Reset A A Font size: Print

Supreme Court, Appellate Division, Third Department, New York.

IN RE: Jose RODRIGUEZ, Petitioner, v. Philip COOMBE Jr., as Commissioner of the Department of Correctional Services, et al., Respondents.

Decided: May 22, 1997

Before MIKOLL, J.P., and CREW, WHITE, YESAWICH and PETERS, JJ. Jose Rodriguez, Pine City, petitioner in person. Dennis C. Vacco, Attorney-General (Troy J. Oechsner, of counsel), Albany, for respondents.

Proceeding pursuant to CPLR article 78 (transferred to this court by order of the Supreme Court, entered in Greene County) to review a determination of respondent Commissioner of Correctional Services which found petitioner guilty of violating a prison disciplinary rule.

Petitioner, a prison inmate, was charged in an October 28, 1994 misbehavior report with assaulting another inmate.   The first disciplinary hearing was administratively reversed and a rehearing ordered, after which petitioner was found guilty.   That determination was affirmed upon administrative review and this CPLR article 78 proceeding ensued.   Petitioner challenges the determination on the grounds, inter alia, that he was denied the right to call and question witnesses, that the rehearing was untimely and that the determination was not supported by substantial evidence.   Finding no merit to these contentions, we confirm.

Initially, we reject petitioner's claim that the hearing was not timely commenced or concluded (see, 7 NYCRR 251-5.1[a], [b];  Matter of Edmonson v. Irvin, 206 A.D.2d 951, 952, 616 N.Y.S.2d 278, appeal dismissed 84 N.Y.2d 1008, 622 N.Y.S.2d 919, 647 N.E.2d 125).   The record establishes that the hearing was commenced within five days of receipt by prison officials of the notice ordering the rehearing (see generally, Matter of Raqiyb v. Coughlin, 214 A.D.2d 788, 624 N.Y.S.2d 667, lv denied 86 N.Y.2d 702, 631 N.Y.S.2d 606, 655 N.E.2d 703) and was concluded pursuant to a duly authorized extension (see, 7 NYCRR 251-5.1[b] ).
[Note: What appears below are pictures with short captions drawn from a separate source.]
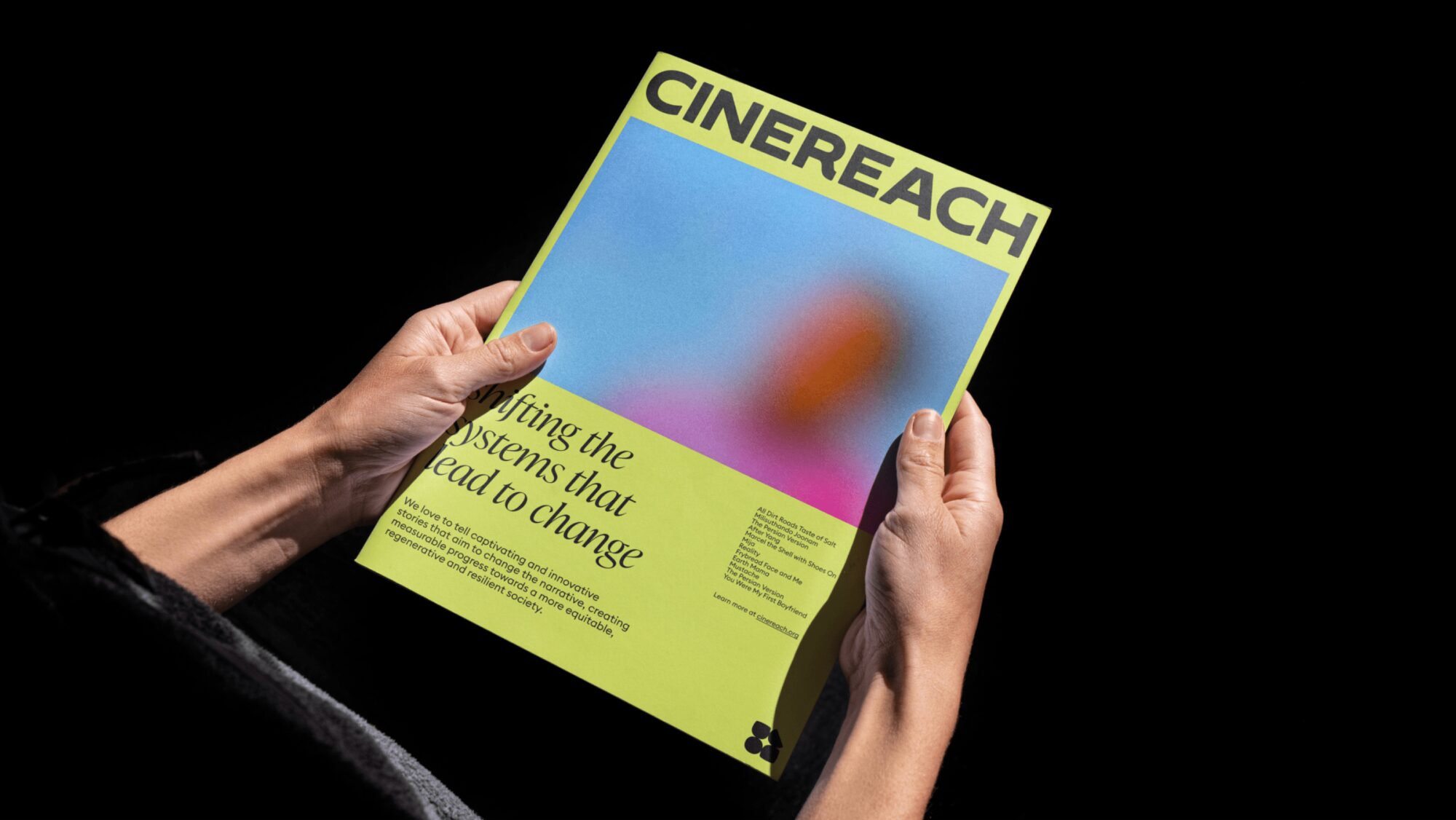 The Cinereach brand as it might look on a magazine cover. Two hands hold the magazine as though someone is reading it intently.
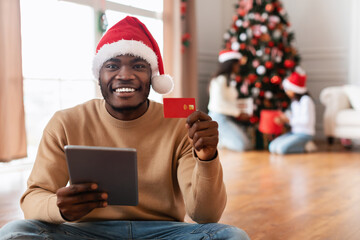 Fototapeta premium A happy man wearing a red Santa hat is sitting on the floor using a tablet and holding a credit card. In the background, his family is joyfully decorating a Christmas tree.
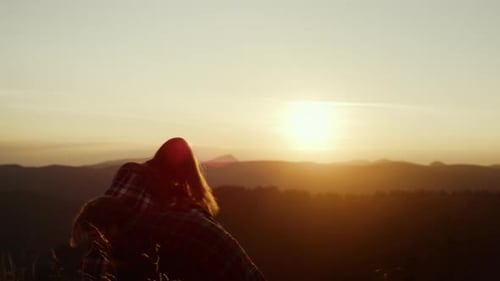 Couple Piggyback Ride At Sunset in Rural Setting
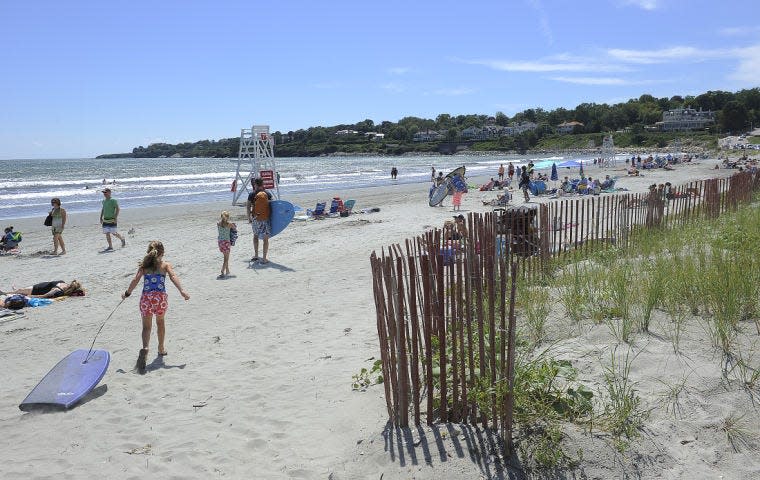 Beachgoers are drawn to Easton’s Beach in Newport every summer.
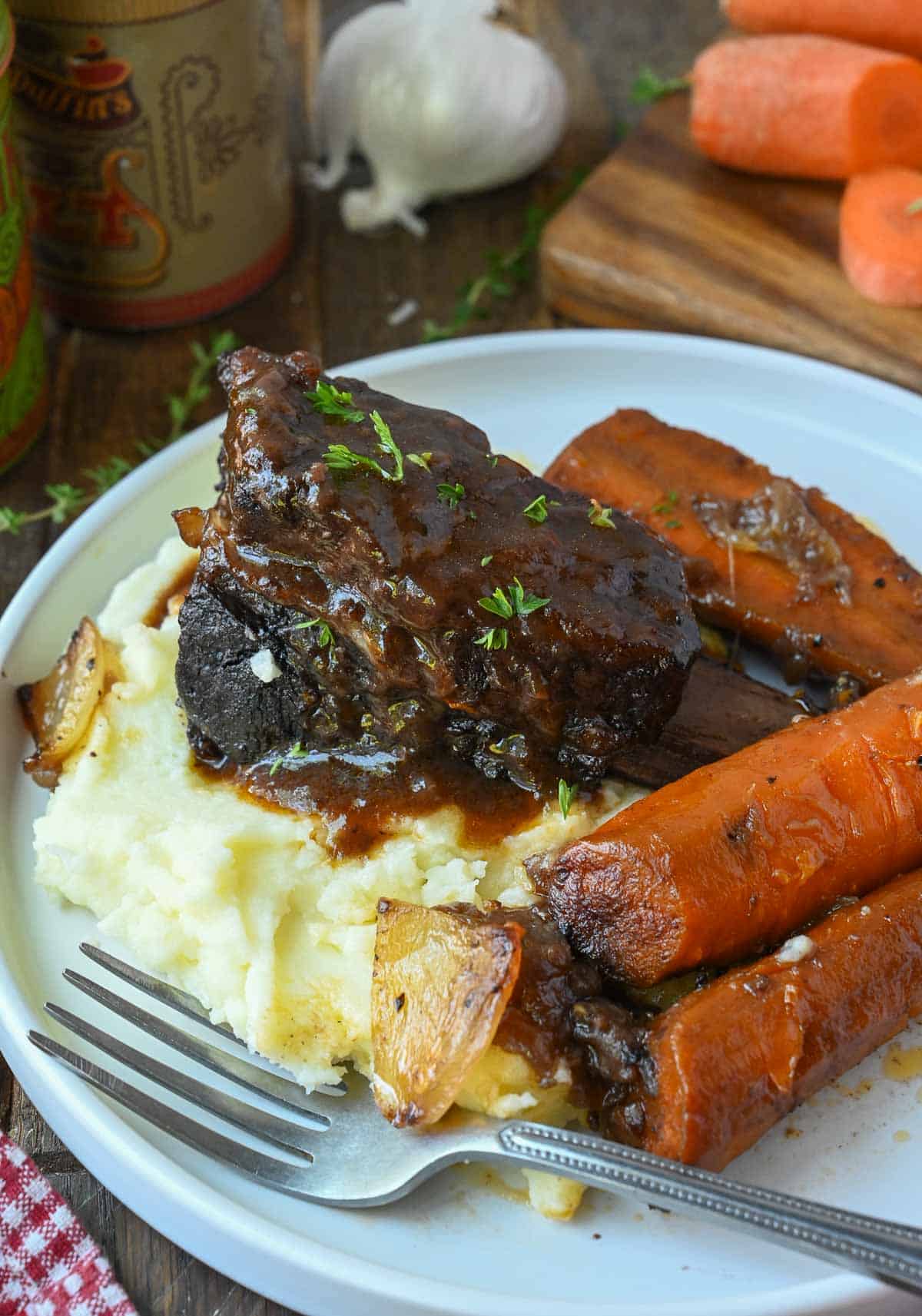 Wine braised short ribs with carrots and mashed potatoes on a plate.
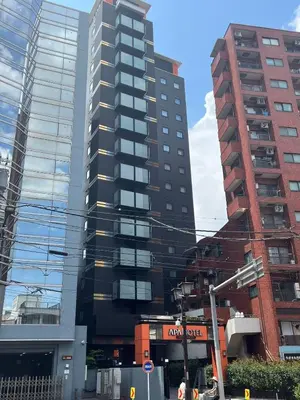 a tall black building in a city with buildings at Momo House Near Komagome easy to shinjuku, Ueno, Tokyo in Tokyo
 Petitioner's claim that he was denied the right to have witness Louis Rodriguez testify on his behalf is similarly unavailing.   The Hearing Officer made “reasonable and substantial efforts” to obtain Rodriguez's testimony (Matter of Boyd v. Coombe, 233 A.D.2d 654, 650 N.Y.S.2d 40, 41;  see, Matter of S. v. Coughlin, 172 A.D.2d 937, 937-938, 568 N.Y.S.2d 477, lv denied 78 N.Y.2d 855, 573 N.Y.S.2d 644, 578 N.E.2d 442).   In attempting to locate Rodriguez, the Hearing Officer inquired of 76 different inmates named Louis Rodriguez at the prison;  none were involved in the incident.   After petitioner provided further information, the Hearing Officer ascertained that Rodriguez had been released on parole.   He then contacted Rodriguez's parole officer to arrange to have Rodriguez testify over the phone.   Nevertheless, neither the parole officer nor Rodriguez called back prior to the conclusion of the hearing.   Under the circumstances, we do not find that petitioner's administrative or due process rights to call this witness were violated (see, Matter of Boyd v. Coombe, supra;  Matter of S. v. Coughlin, supra;   Matter of Law v. Racette, 120 A.D.2d 846, 848, 501 N.Y.S.2d 959).

Petitioner's claim that he was denied the right to present questions for the inmate victim has not been preserved for our review.   Were we to consider this claim, we would find it meritless, given the fact that the witness's testimony clearly exculpated petitioner.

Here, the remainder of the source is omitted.